Actuellement détenu, le djihadiste ne remplit plus ses missions au sein de Daesh, mais affiche encore son appartenance et esquisse un sourire lorsqu’il affirme être un «émir» au sein du groupe terroriste. «Au début, j’enregistrais les gens, puis je suis devenu le superviseur. J’étais l’émir», dit-il aux chercheurs. «J’ai eu plusieurs réunions directes avec le MIT [l’organisation nationale du renseignement turc]», affirme le détenu. 
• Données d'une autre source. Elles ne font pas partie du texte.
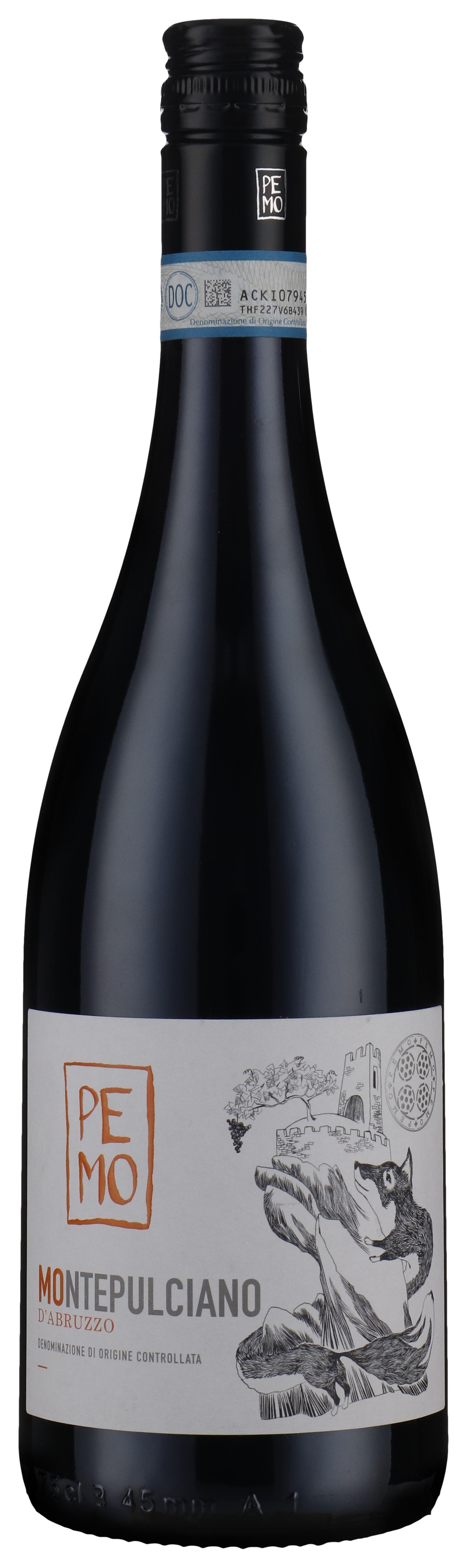 Montepulciano d'Abruzzo 2023 wine bottle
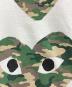 中古・古着 PLAY COMME des GARCONS (プレイコムデギャルソン) ハートプリントTシャツ ホワイト サイズ:M：5000円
La plupart des meetings se tiennent en Turquie, dans des postes militaires ou des bureaux de représentants à Ankara et à Gaziantep, «parfois de manière hebdomadaire, en fonction de la situation sur le terrain». Depuis Raqqa en 2015, «Abou Mansour» s’occupe aussi des accords «entre les renseignements turcs et Daesh concernant la gestion des frontières», notamment pour faciliter le transfert des djihadistes blessés dont le cas nécessite un dispositif clinique important. Daesh prenait en charge les frais de ces soins, mais il est arrivé à des hôpitaux publics turcs de traiter les blessés gratuitement.
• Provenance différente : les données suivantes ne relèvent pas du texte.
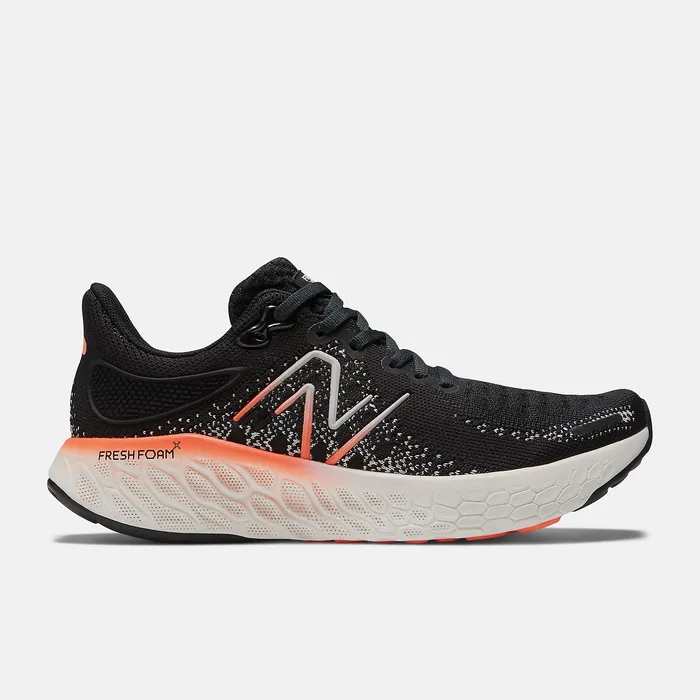 Women New Balance Fresh Foam X 1080v12 Black with Neon Dragonfly and Washed Pink Walking Women New Balance Fresh Foam X 1080v12 Black with Neon Dragonfly and Washed Pink Walking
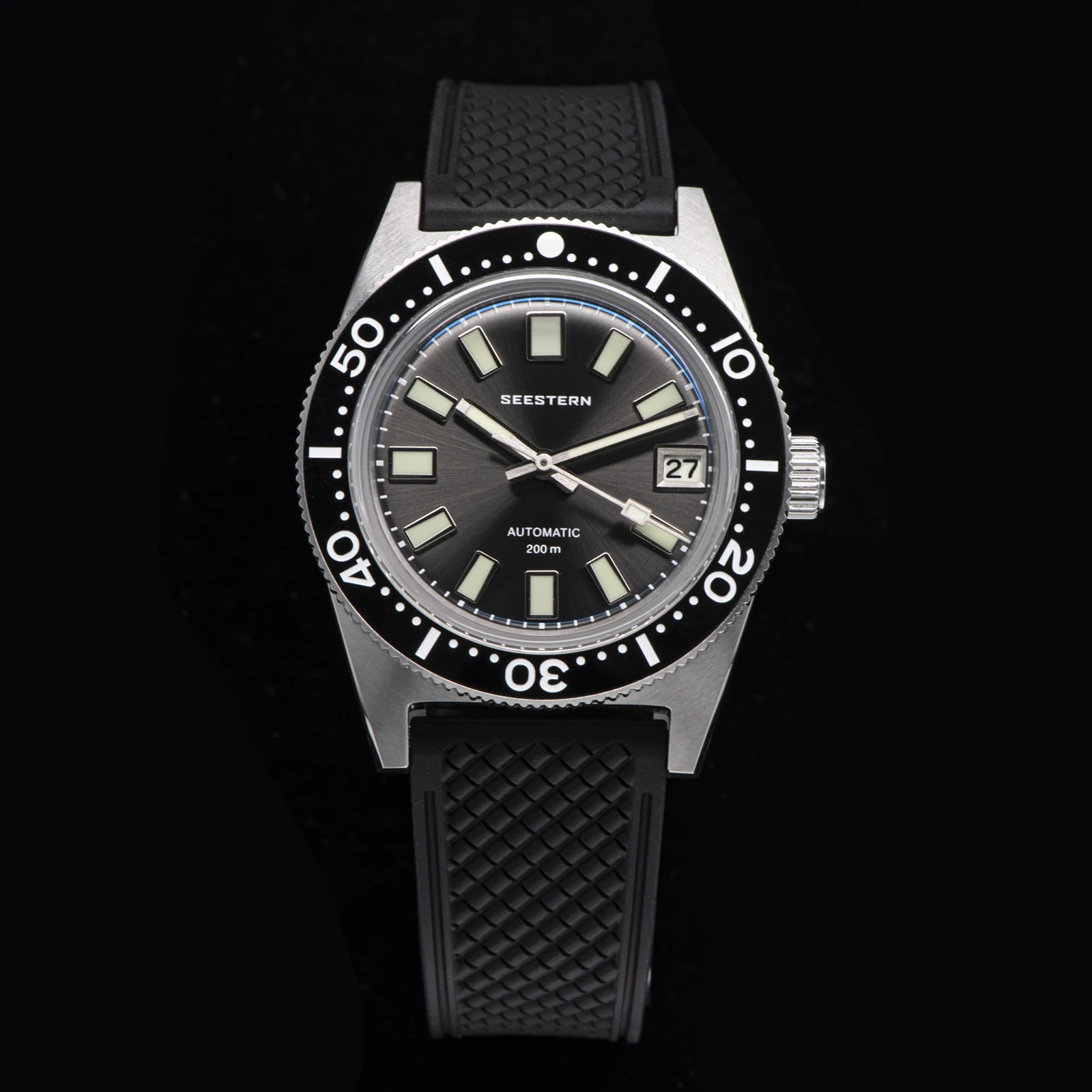 SEESTERN Tauchen Uhr 62MAS Automatische Mechanische Männer von Handgelenk Uhren Japan NH35 Bewegung Sapphire Glas Armband Leucht Lünette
Le négociateur principal auprès d’Istanbul

Pour avoir rencontré des responsables turcs même à Istanbul, «Abou Mansour» va jusqu’à se considérer comme un «ambassadeur» de Daesh. «J’ai franchi les frontières et ils m’ont laissé passer, affirme le djihadiste. Là-bas, les Turcs m’ont toujours envoyé une voiture et mon trajet était sécurisé. Une équipe de deux à trois personnes m’accompagnait». «Abou Mansour» raconte aussi avoir rencontré «des hauts responsables de toutes les branches de la sécurité du gouvernement qui négociaient des accords» avec lui.

«C’est une chose nouvelle que de créer un Etat et de le séparer du monde extérieur. Les négociations n’ont pas été faciles. Ça a pris du temps», avance-t-il. Au fur et à mesure de l’échange avec les deux chercheurs, il évoque son influence «diplomatique» au nom de Daesh, qui s’étendrait jusqu’au président turc lui-même. «J’étais sur le point de le rencontrer mais ça ne s’est pas fait. L’un de ses officiers du renseignement a indiqué qu’Erdogan voulait me voir en privé, mais cela ne s’est finalement pas fait», souligne-t-il.

Interrogé sur les négociations pour la libération de ressortissants turcs, notamment des diplomates, après la prise de Mossoul par Daesh, «Abou Mansour» explique que le processus s’est déroulé en Syrie, d’autant plus que «la préparation de la prise de Mossoul ne s’est pas faite du jour au lendemain mais a pris plusieurs jours». Il assure ne pas avoir réclamé de rançon en échange de la libération des employés consulaires d’Istanbul en Irak, et que Daesh a exigé un échange de prisonniers. «Le MIT connaît leurs noms», souligne-t-il, précisant que 500 djihadistes ont été remis au groupe terroriste.

Ce témoignage, dont il ressort qu’«Abou Mansour» n’exprime aucun regret sur son engagement au sein de Daesh, est publié au moment où la question du retour des djihadistes dans leurs pays d’origine se pose au sein de plusieurs Etats. Après avoir longtemps botté en touche sur le sujet, Rabat a annoncé, le 10 mars dernier, le rapatriement de huit nationaux dans ce cadre. Les avis réticents sur ce processus mettent en avant le fait que ces individus représentent des cellules de renaissance de Daesh depuis leurs pays, tandis que des associations prônent ce retour arguant que cette démarche n’est pas une amnistie mais les soumet à une enquête antiterroriste.